Question

The equation of a line passing through the point of intersection of the lines $x+5y+7=0,3x+2y-5=0$and perpendicular to the line $7x+2y-5=0$, is given by:

• A. $2x-7y-20=0$
• B. $2x+7y-20=0$
• C. $-2x+7y-20=0$
• D. $2x+7y+20=0$

Answer 1

The correct option is A

$2x-7y-20=0$

Determine the equation of the line :

Let the required line be $AB.$

Given that: $AB$ passes through the point of intersection of $x+5y+7=0\&3x+2y-5=0$

On solving the given two equations simultaneously, we have, $x=3,y=-2$

therefore, The point of intersection is $(3,-2)$.

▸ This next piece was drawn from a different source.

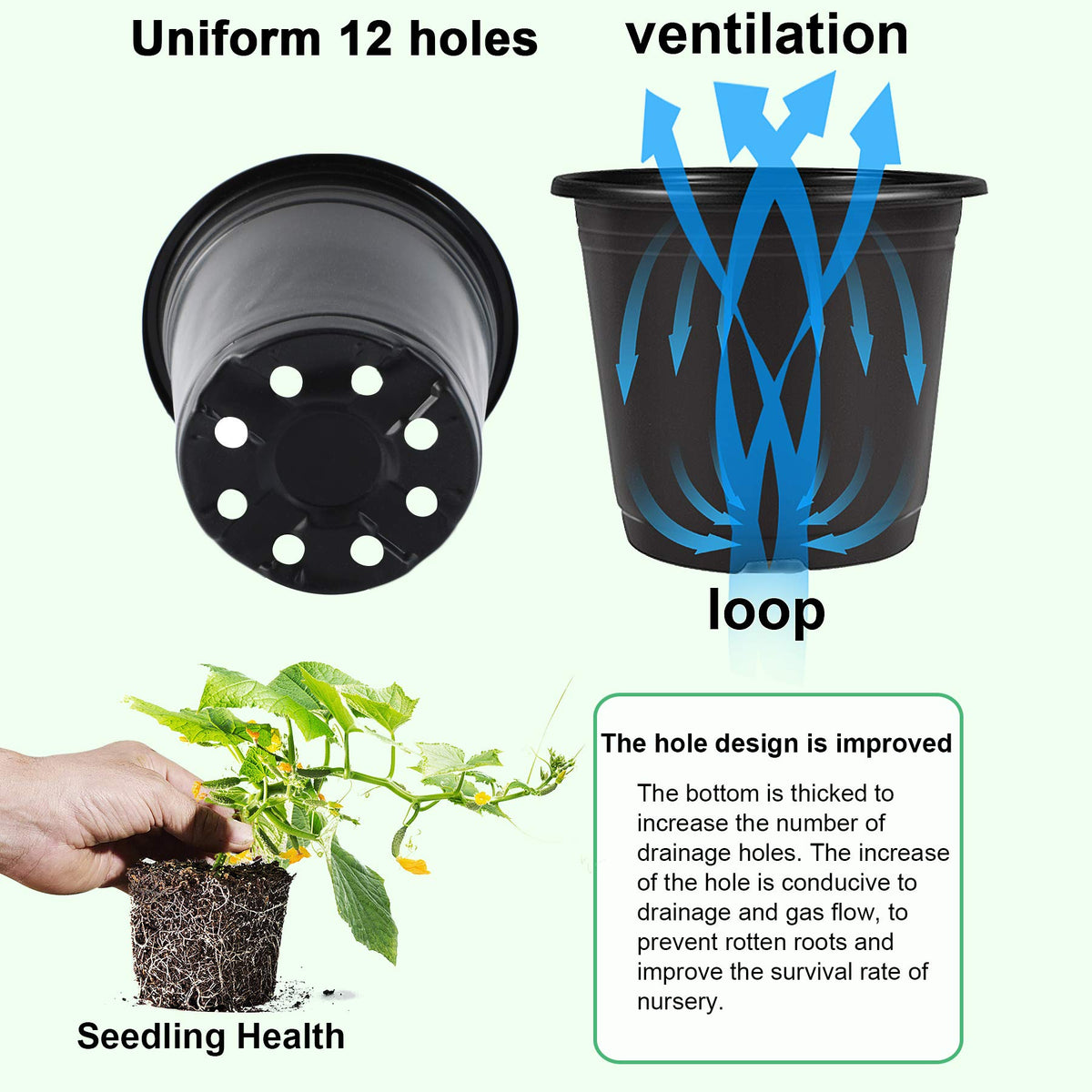 Augshy pot with 12 drainage holes promoting healthy roots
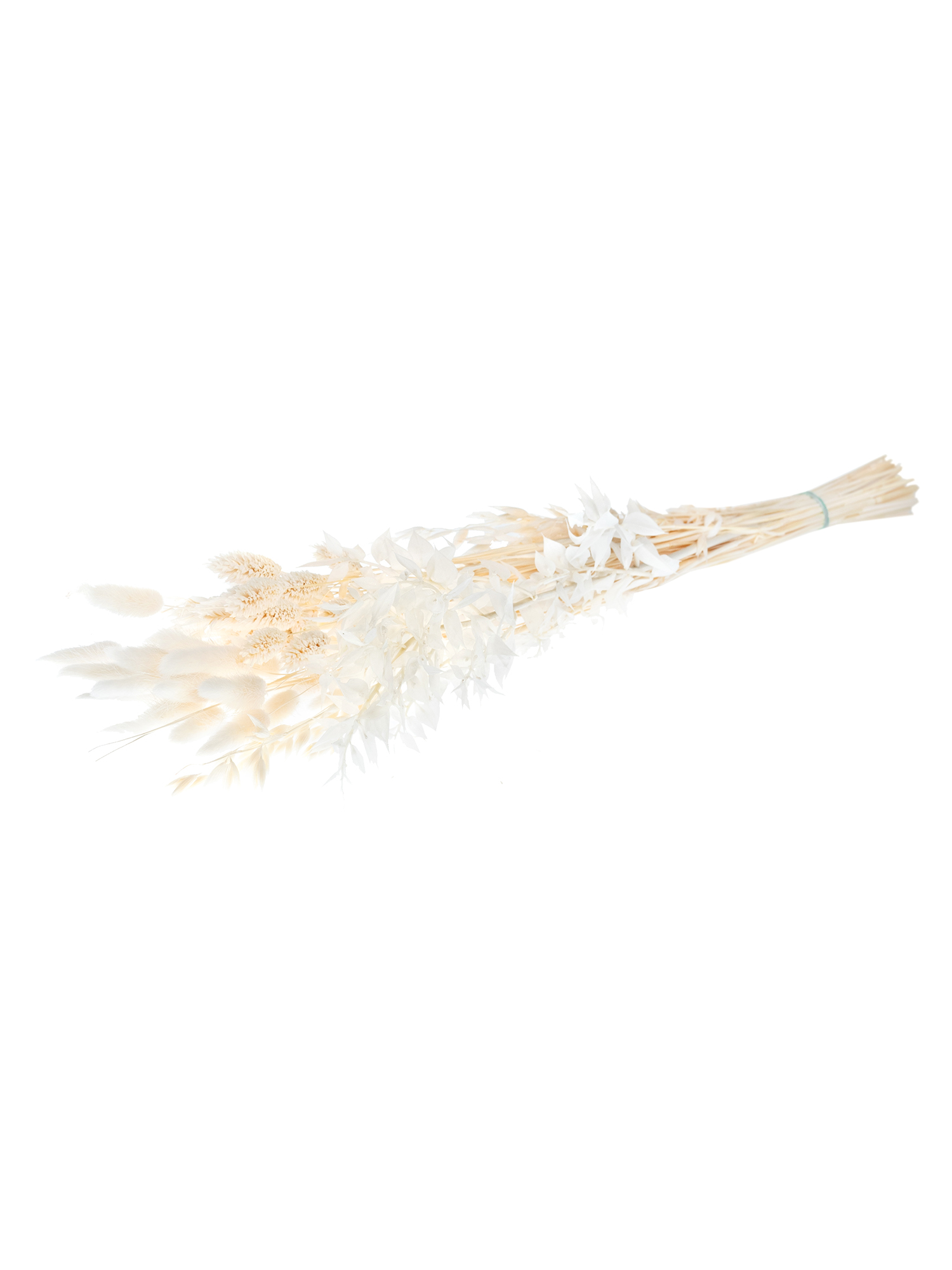 blumigo-trockenblumen-bleached-mix-trockenblumen-gebleicht image 4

$AB.$ is perpendicular to $7x+2y-5=0$

Slope of $7x+2y-5=0$ is:

$\begin{array}{rcl}& \Rightarrow & 2y=-7x+5\\ & \Rightarrow & y=-\frac{7}{2}x+\frac{5}{2}\\ & & \\ \therefore \text{slope}& =& -\frac{7}{2}\end{array}$

Slope of $AB=-\frac{1}{-{\displaystyle \frac{7}{2}}}=\frac{2}{7}$ [Since, $m_1\times m_2=-1$]

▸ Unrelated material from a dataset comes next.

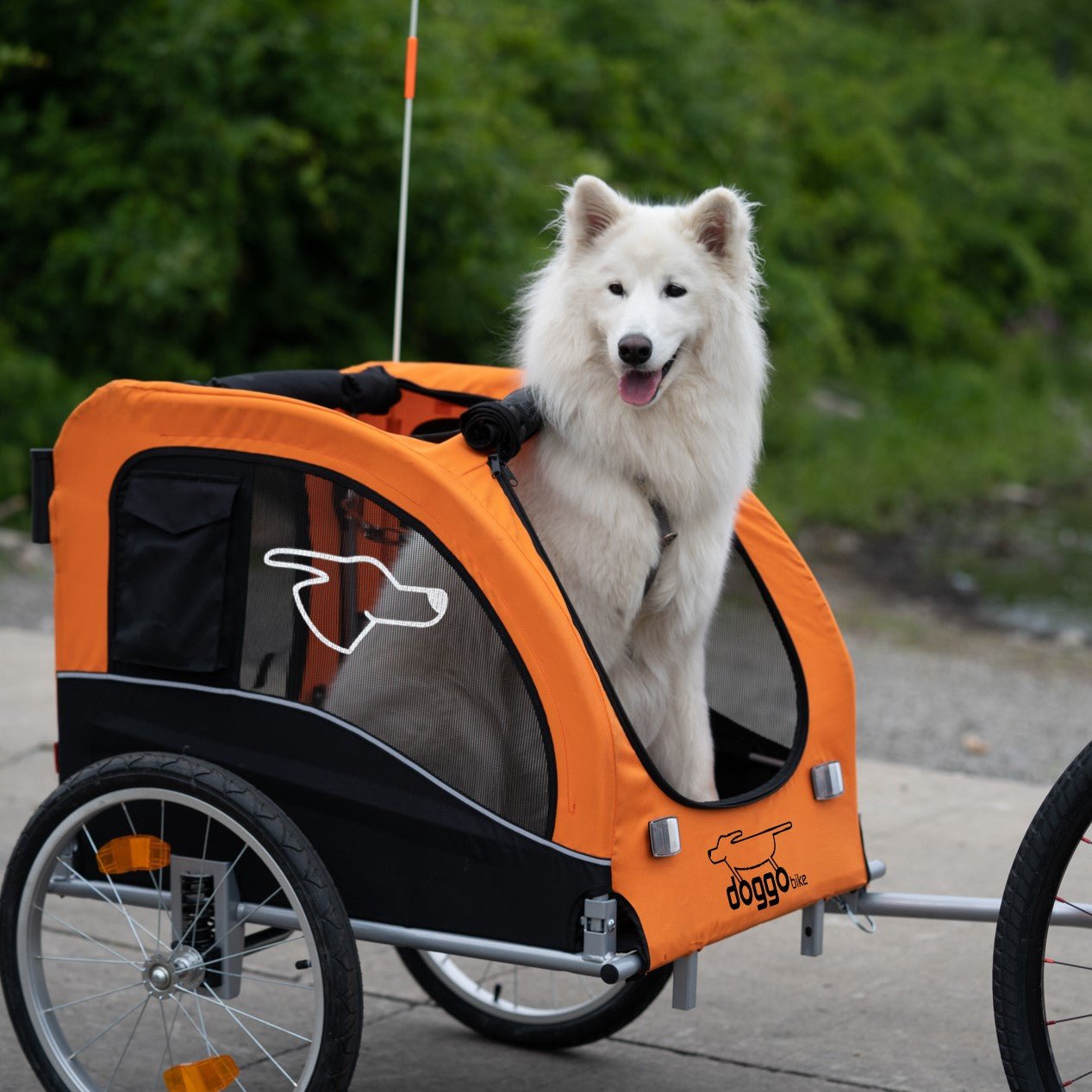 Doggo Bike® trailer The bike trailer stroller jogger meant for dogs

thus, the equation of $AB$ which passes through $(3,-2)$ and slope $-\frac{7}{2}$ will be:

$$\begin{gathered} y-(-2)=\frac{2}{7}(x-3) \\ \Rightarrow 7(y+2)=2(x-3) \\ \Rightarrow 2x-7y-20=0 \end{gathered}$$

Hence, the correct answer is Option (A).